● Material for the task:

=-=-=-=-=

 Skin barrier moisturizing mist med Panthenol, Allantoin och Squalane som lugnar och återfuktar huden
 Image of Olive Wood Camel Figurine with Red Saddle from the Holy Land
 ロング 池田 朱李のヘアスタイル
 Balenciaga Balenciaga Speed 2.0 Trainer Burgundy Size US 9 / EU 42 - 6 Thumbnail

=-=-=-=-=

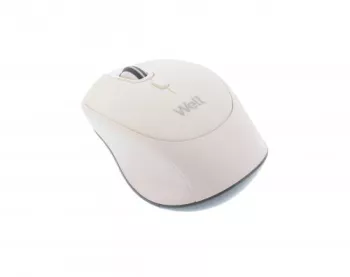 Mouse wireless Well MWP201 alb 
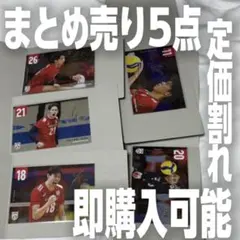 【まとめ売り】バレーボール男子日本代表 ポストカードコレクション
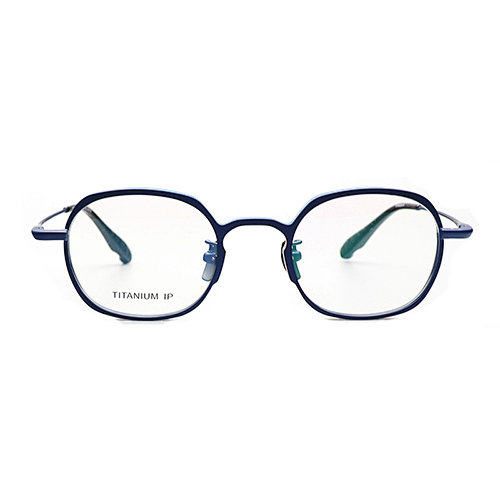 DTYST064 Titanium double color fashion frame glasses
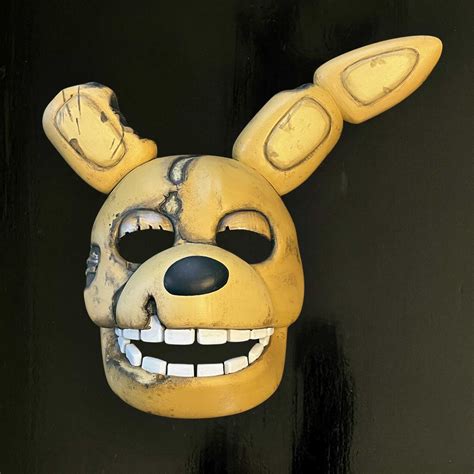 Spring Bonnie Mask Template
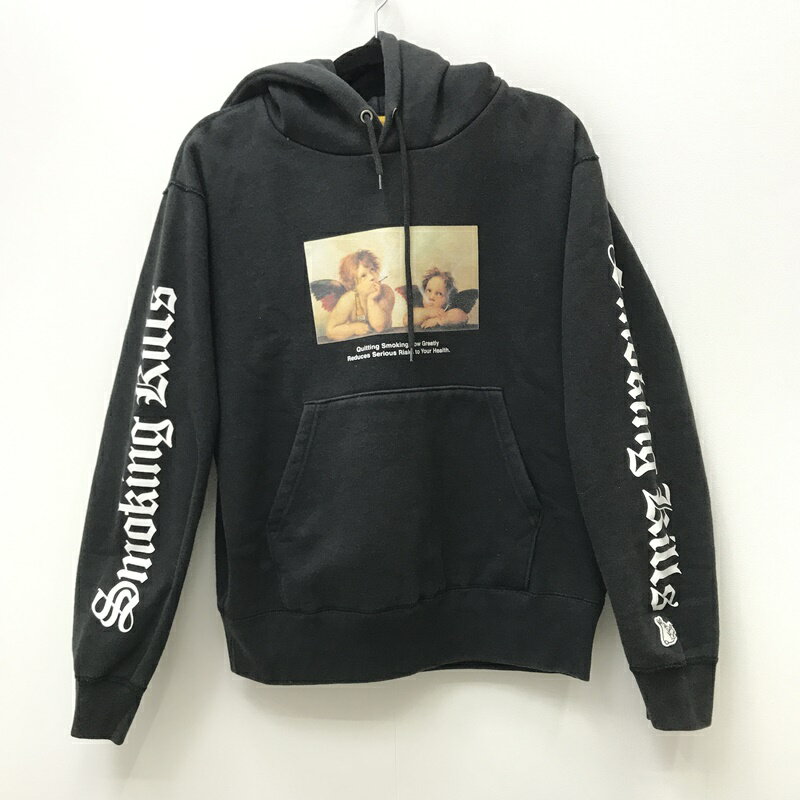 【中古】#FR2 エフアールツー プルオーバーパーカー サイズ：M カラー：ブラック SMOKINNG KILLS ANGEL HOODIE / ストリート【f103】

=-=-=-=-=

● Exercise details: Leaving out each picture, repeat exactly the lines above from the one that contains "Spring Bonnie Mask Template" through the one that contains "HOODIE / ストリート【f103】".

● Answer below:
 Spring Bonnie Mask Template
 【中古】#FR2 エフアールツー プルオーバーパーカー サイズ：M カラー：ブラック SMOKINNG KILLS ANGEL HOODIE / ストリート【f103】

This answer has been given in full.